## Work instructions
Without any pictures, retype exactly the lines that begin at the one holding "Fiorucci tricou din" and end at the last line of the data below.

## Data block

== Segment start ==

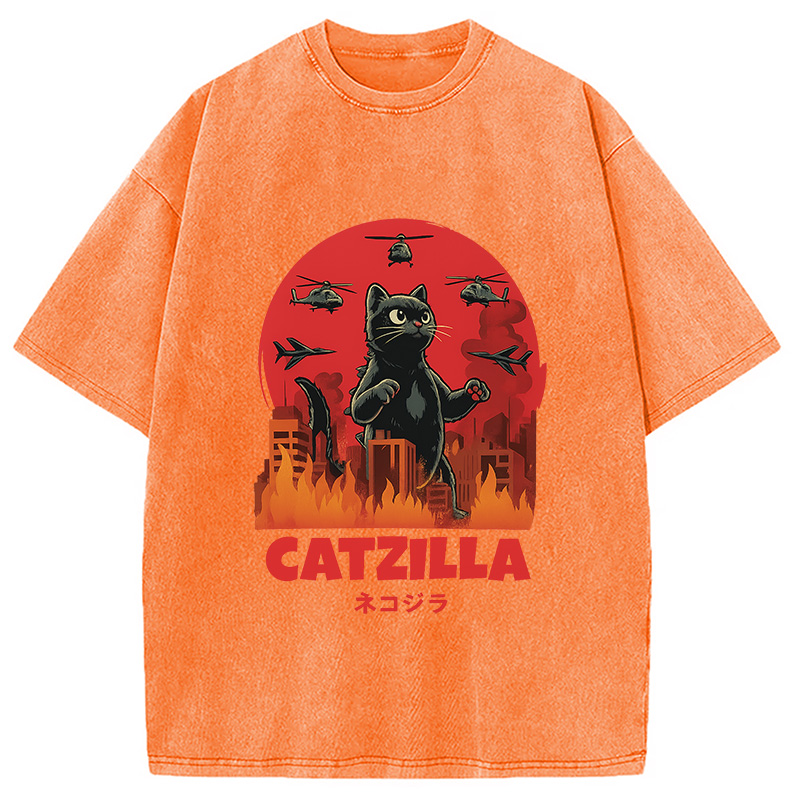 Modecanvas Catzilla Cat Japanese Vintage Washed T-Shirt
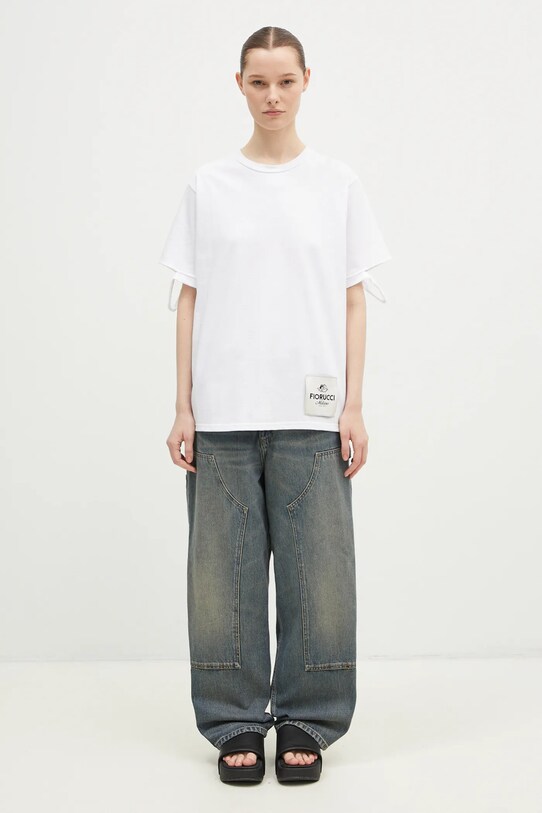 Fiorucci tricou din bumbac Distressed M01FMTSH101CJ01WH06 alb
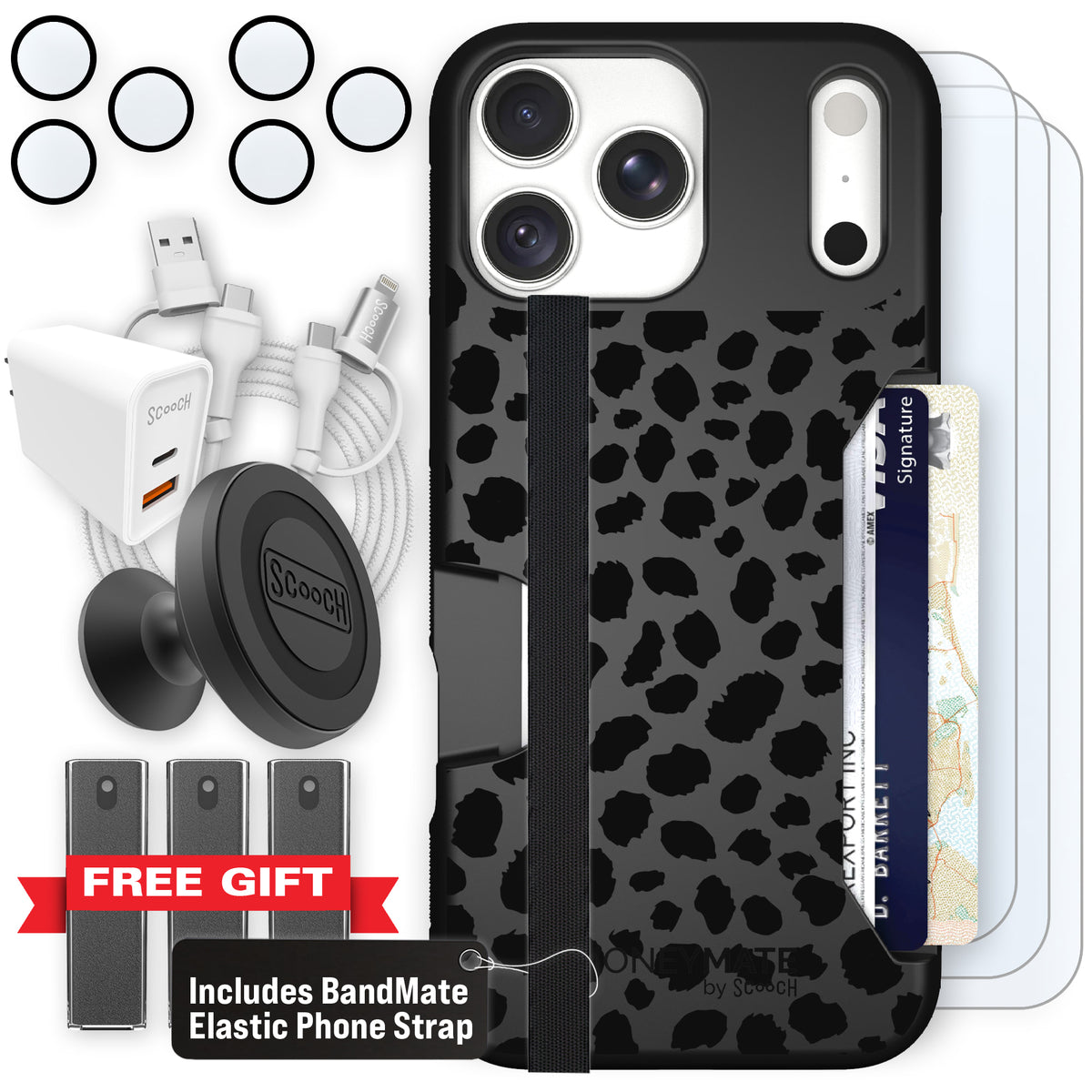 Moneymate Black Leopard for iPhone 18 Pro Max — Ultimate Bundle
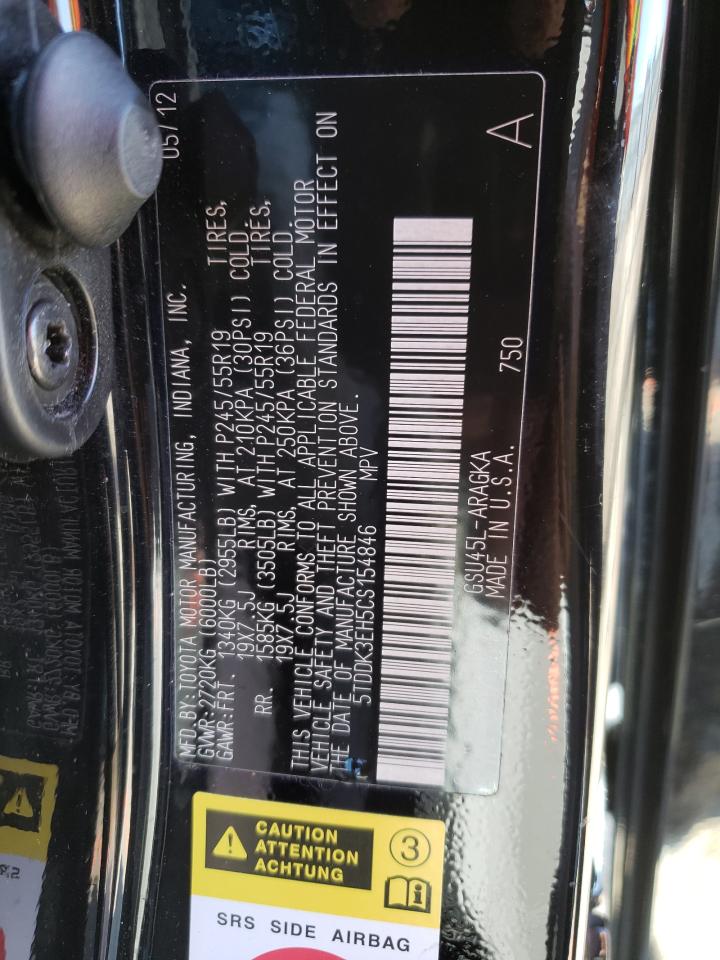 Photo 10 from auction – 2012 TOYOTA HIGHLANDER with VIN 5TDDK3EH5CS154846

== Segment end ==

## Final answer
 Fiorucci tricou din bumbac Distressed M01FMTSH101CJ01WH06 alb
 Moneymate Black Leopard for iPhone 18 Pro Max — Ultimate Bundle
 Photo 10 from auction – 2012 TOYOTA HIGHLANDER with VIN 5TDDK3EH5CS154846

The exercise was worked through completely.